Chocolate - I use cocoa and melted chocolate in this recipe for extra antioxidants (I know, who am I kidding). If you do want to use melted chocolate, then I would recommend a high quality bar with a minimum of 70% cocoa solids. If you don't want to use chocolate as well as cocoa, then just leave it out and increase the cocoa to 100g.
Yogurt - The addition of yogurt is to keep the cake moist for days to come, if it even lasts that long. You can always use buttermilk or sour cream for the same effect.
Frosting - You'll notice the rather intricate and somewhat labour intensive frosting recipe I've provided! This is on purpose and I would highly recommend going all out to achieve this beautiful frosting that is like eating clouds. However, I try to stay in the real world and I know that not everyone has the time, patience or energy to spend an hour on frosting.
If this is the case, then you can achieve an equally beautiful buttercream with 250g unsalted butter, 300g icing sugar, 1tsp vanilla bean paste and 3-4 tbsp Baileys. Whip these together in a stand mixer or with a hand mixer and slather over the cooled sponges.
Nutmeg - This might raise a few eyebrows, but it's my own nod to the Jamaican Guinness Punch which mixes condensed milk, Guinness, nutmeg and sometimes cinnamon. I'm a fan and I would highly recommend trying it, but feel free to leave out the nutmeg if you don't want it or have it.
For the cake:
275g self-raising flour
1 ½ tsp baking powder
50g cocoa powder
200g caster sugar
200g light brown sugar
250g unsalted butter
100g dark chocolate
1 tsp vanilla bean paste
4 large eggs
For the frosting:
2 tbsp cornflour
200g caster sugar
1 tsp vanilla bean paste
2 large egg yolks
300ml double cream
2 sheets of gelatin
250g unsalted butter – room temperature
100g icing sugar (to taste)
Freshly grated nutmeg
(See notes for alternative recipe)
Grease and line 2-3 8” round cake tins and pre-heat the oven to 180°c / 350°f.
In a saucepan over a medium heat, melt the butter and chocolate, stirring occasionally. Remove from the heat and stir in the Guinness, yogurt, vanilla and then the eggs – set aside.
In a large bowl (or food processor) thoroughly combine the flour, baking powder, cocoa and sugars. Stir through the wet chocolate and Guinness mix, ensuring the mix is smooth with no lumps.
Divide the batter equally between your tins and bake in the centre of the oven for 35-45 minutes, or until a skewer comes out clean when inserted in the centre of the cake. Please monitor your cakes after 25 minutes as all ovens differ to mine and these cakes can easily under or over bake.
Allow the cakes to cool in their tins for 10 minutes before turning them out onto a cooling rack and cooling to room temperature.
For the frosting;
Soak the gelatin leaves in cold water for 5 minutes.

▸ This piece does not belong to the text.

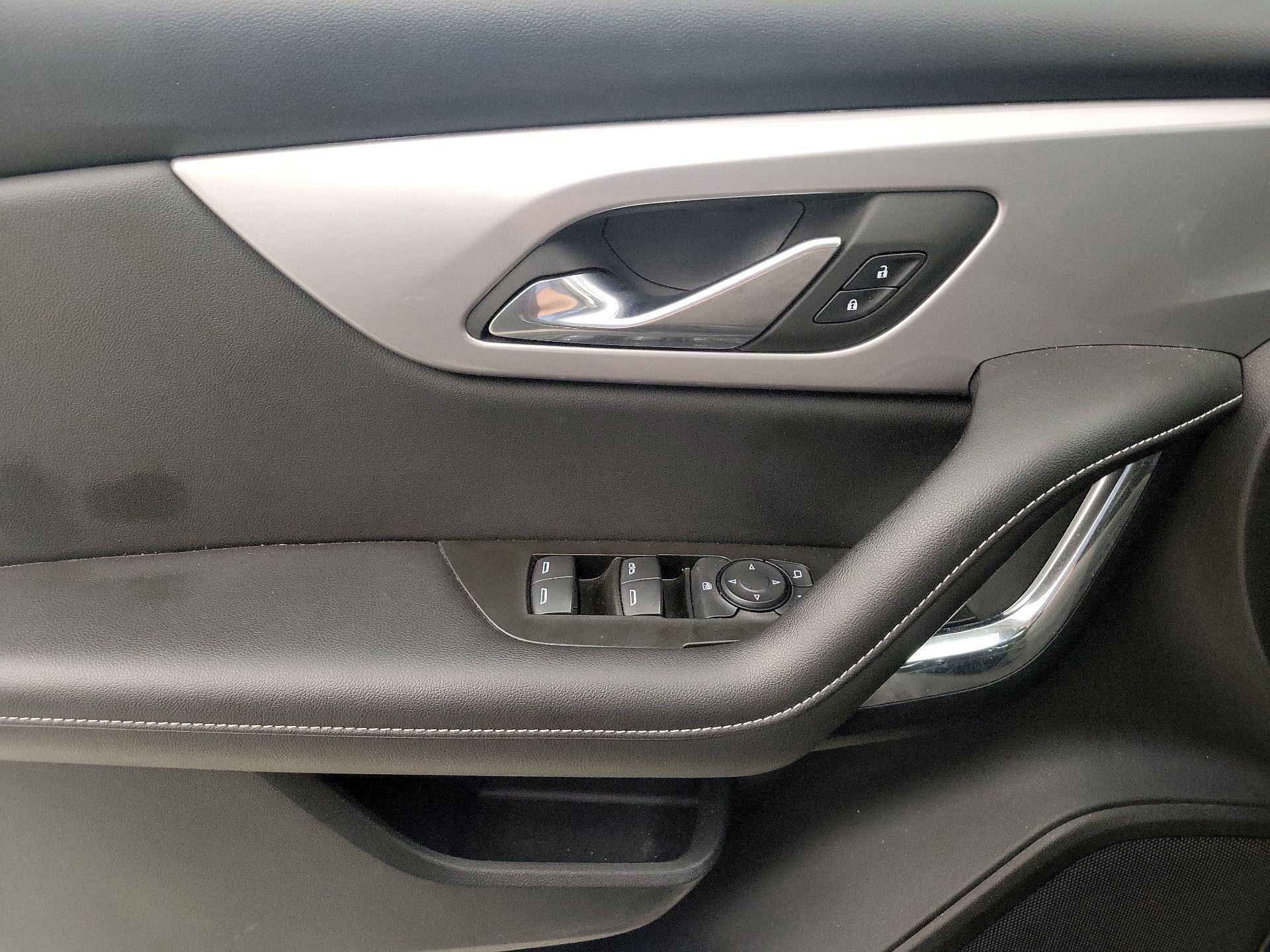 Thumbnail: 2023 Chevrolet Blazer - 12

In a saucepan mix together the cornflour, sugar, vanilla bean paste, egg yolks and cream. Cook this over a medium heat for up to 10 minutes (possibly more), stirring continuously with a whisk. The mixture will thicken and take on the consistency of cold custard from a carton; once you’re at this stage, remove the pan from the heat, strain the gelatin and stir this through the custard. Stir through the Baileys and then cover the mix with cling film and allow to cool to room temperature. I transfer the mix to a shallow casserole dish, so it cools more quickly.
In a bowl (or stand mixer) whisk the room temperature butter until soft and fluffy and incorporate half of the icing sugar. Add the custard to the buttercream in 3 stages, ensuring it is fully combined. At this stage the mix will be wet and runny, so refrigerate until it is completely fridge cold.
Once cold, whisk again on high until the mix thickens and takes on a thick and creamy texture. Taste the mix as you go for sweetness and add more icing sugar if necessary. This process can take some time, but keep cooling and whipping the frosting until you have a thick and creamy consistency.
Lastly, whisk through some freshly grated nutmeg and do so to taste.
Stack your cakes with the thick and rich frosting and flurry with a final dusting of nutmeg and grated chocolate for that extra little finish – enjoy!